Sites of melted-down wheelie bins (easy to spot due to the distinctive purple colour used by the brand-crazy Council), fused into the tarmac with some surviving rubbish, were (to my benign view) the stuff of future archaeology…
Eight miles into the trip, I made a side-trip to visit John Davies up in Norris Green for a welcome cup of tea. This was great as John unwittingly inspired this trip, and I got some useful insights into the area I was walking through. Plus he came up with a great idea for using a microwave oven as a meditation timer, as handy alternative to these spiritual lifestyle gadgets.
Leaving John’s, I headed through Croxteth Park (a pleasant place of trees and avenues, one of the city’s lungs, and site of a desperate human tragedy) and rejoined the Loop. This was now cut into the ground, lined with trees and of course the trash and graffiti.

(I was enchanted at one point by the way WALKERS RULE had, by accident or design, become WALKERS ROLE – a big question for those of us on two legs.)

After a few miles I began to feel quite depressed. My rubbish filter had worn off and the litter just seemed annoying, and a lost opportunity for the city to look good. Apart from a guy drinking from a torpedo of White Lightning, I had seen few people not on wheels of some kind (bikes and, in contravention of various overlapping codes, a go-kart.) Strange cries came from an estate. Abruptly, I changed my plans. Rather than head down to Widnes and Runcorn, I would go into the city, and (eventually) cross the Mersey by ferry and walk down the Wirral. The one negative (a short distance not actually walking, so a slight cheat) was outweighed by many positives (interesting walking in the Wirral, a visit to New Brighton to compare with the original, a nice pub (the Abbey) minutes away from the path, getting off of the Loop.) So I plunged off on to the Trans Pennine Way’s ‘Liverpool Spur’.
I had a refreshing pint in the Abbey. (Just the one – a colleague believes I am visiting ever pub on the trip – not so!

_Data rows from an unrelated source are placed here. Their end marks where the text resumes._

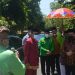 Wakil Mentri Agama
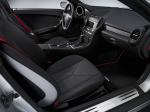 Mercedes-Benz SLK-Class 2005 года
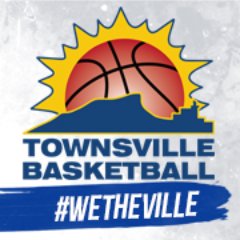 The Official Townsville Basketball Twitter.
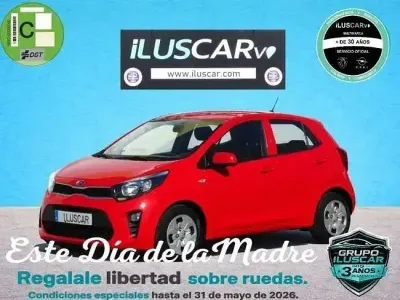 Usado Kia Picanto
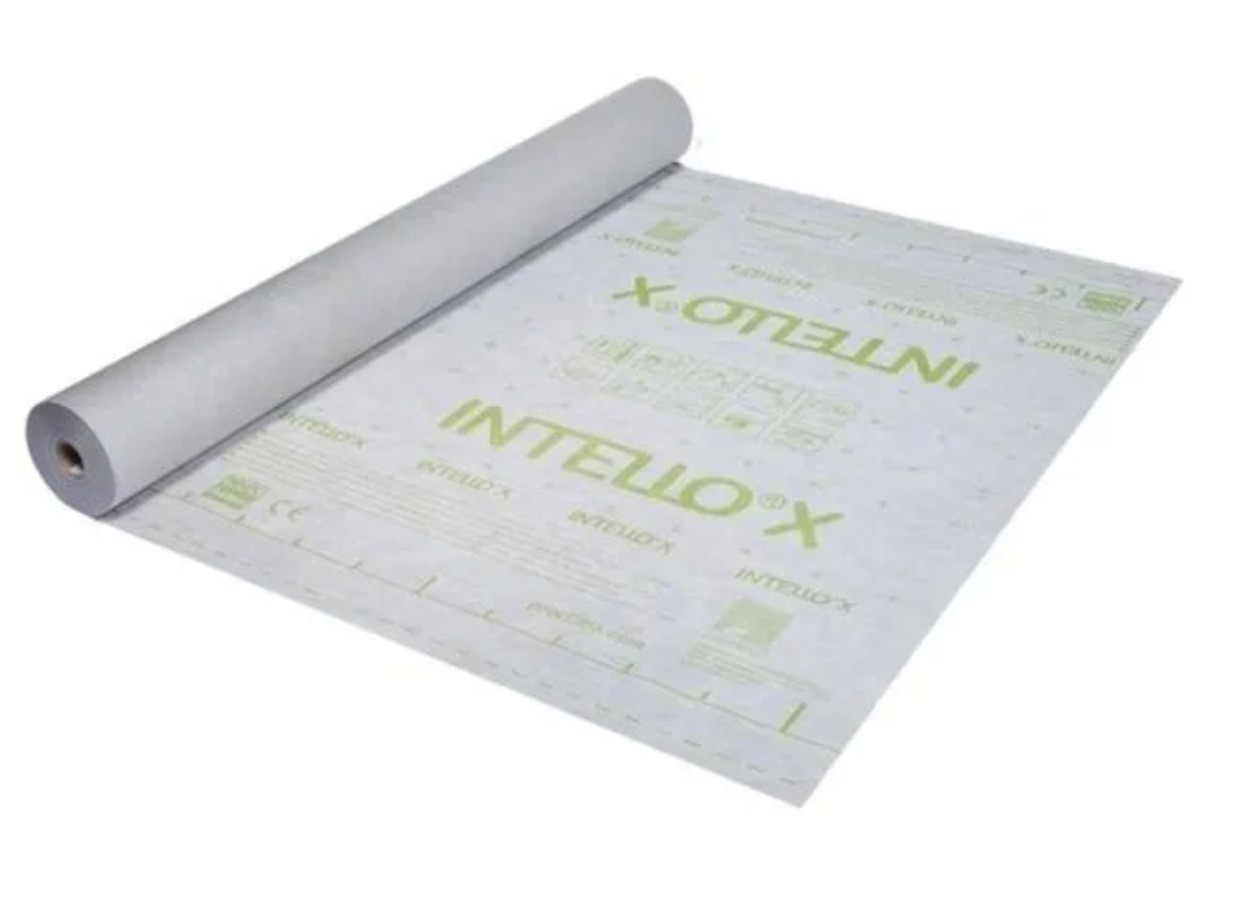 Pro Clima - Intello X - 1,5m x 50m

These days I have the physical drinking capacity of a nine-year-old anorexic gymnast, coupled with the thirst and enthusiasm of a 20-stone veteran CAMRA member, so I have to ration myself. But I felt I was due a drink at this juncture.)

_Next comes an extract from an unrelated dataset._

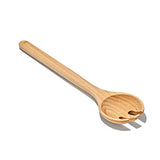Beechwood Salad Servers – 2-Piece Set V4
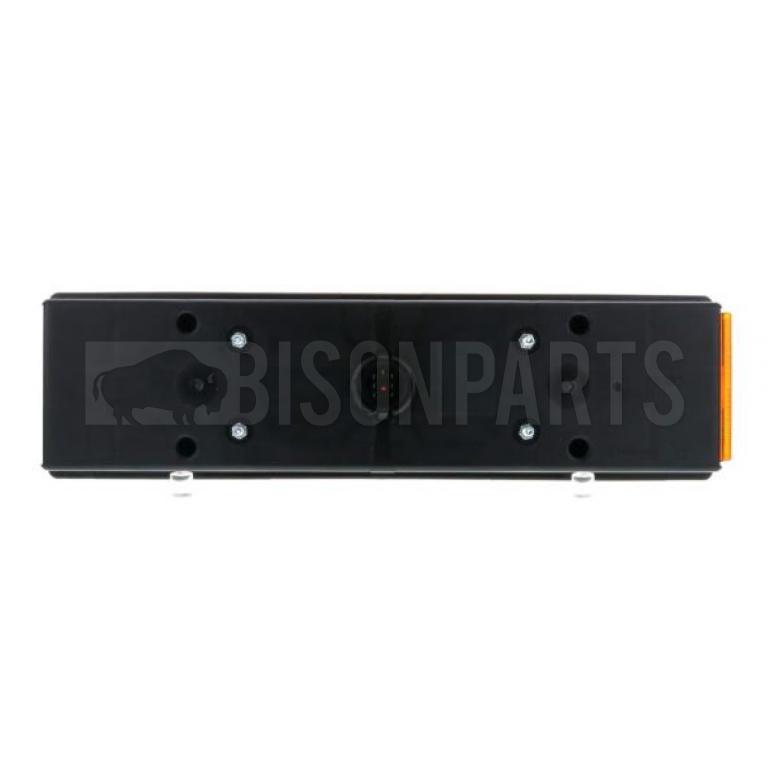 REAR COMBINATION LAMP PASSENGER SIDE LH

The six miles into Liverpool traversed two more parks (Sefton and Princes), many streets, including Penny Lane where I met American students, and arrived, through Toxteth, at the vast Anglican Cathedral. Bells were ringing, perhaps in honour of the Archbishop who was speaking there that day. Light was fading, there were smells of Chinese and chips, garages were closing and off-licenses opening. I was tired, just plodding on, receiving fragmented impressions… beginnning to see the Mersey and the Wirral skyline; too much detail; flats on fire with the last of the light -

I used up my beer ration in Ye Cracke, a pub that manages to be both tiny and rambling (where ‘I Walk The Line’ was on the juke box, a guy drinking from a bottle of Pils was arguing with his sad-looking kid, 10 emo/goth kids sat with one drink and a man came in with hooky DVDs) and The Fly in the Loaf, a former bakery, now exotic beer emporium owned by a Manx brewery. Weary and bleary I sat in the window, watching cars, buses and people, pondering the contrast with the quiet stretches of the early morning’s walk. Thinking: I don’t know Liverpool much better, but I have breathed in more of its spirit.